(Data records)
*** Begin section ***
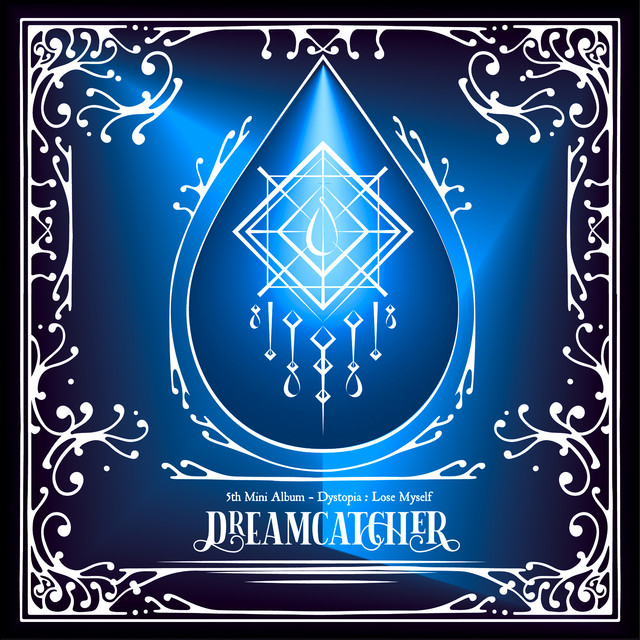 [Dystopia : Lose Myself] cover art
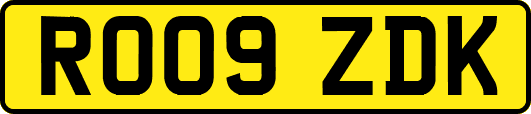 RO09ZDK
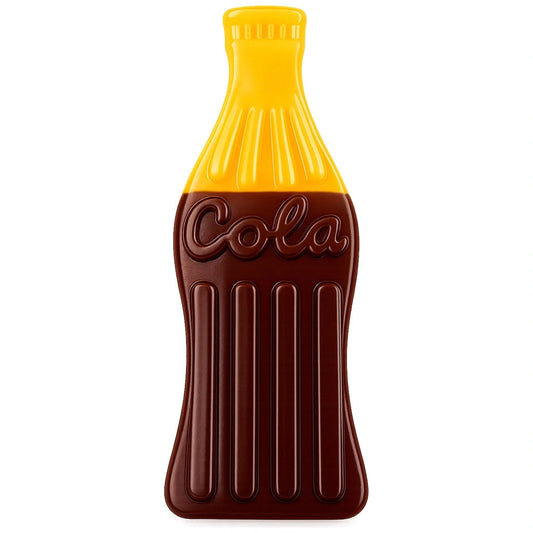 Big Squij Cola Bottle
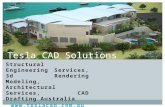 Top Quality Architectural 3d Rendering and Structural Steel Detailing to Global Clients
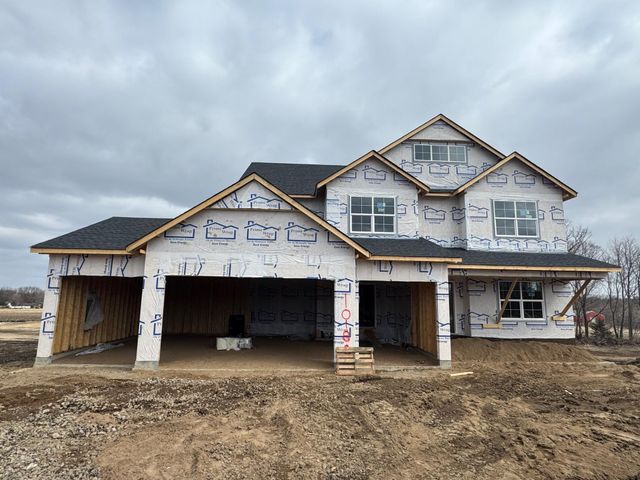 10180 Heather Lane, Corcoran, MN 55374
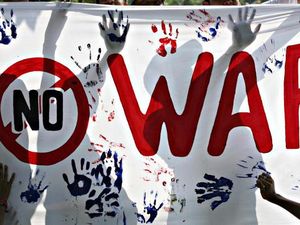 5 Negara Teraman buat Sembunyi kalau Perang Dunia 3, RI Masuk?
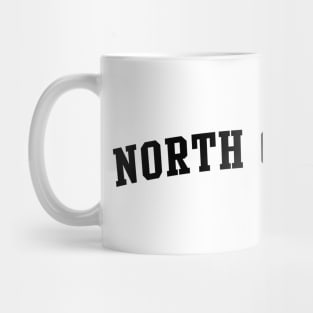 North Carolina T-Shirt, Hoodie, Sweatshirt, Sticker, ... - Gift Mug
*** End section ***
*EXERCISE REQUIREMENTS:* Copy exactly the lines that run from the line containing "Top Quality Architectural" to the end of the data above, keeping both end lines and leaving out all pictures.

*RESPONSE TO THIS EXERCISE:*
 Top Quality Architectural 3d Rendering and Structural Steel Detailing to Global Clients
 10180 Heather Lane, Corcoran, MN 55374
 5 Negara Teraman buat Sembunyi kalau Perang Dunia 3, RI Masuk?
 North Carolina T-Shirt, Hoodie, Sweatshirt, Sticker, ... - Gift Mug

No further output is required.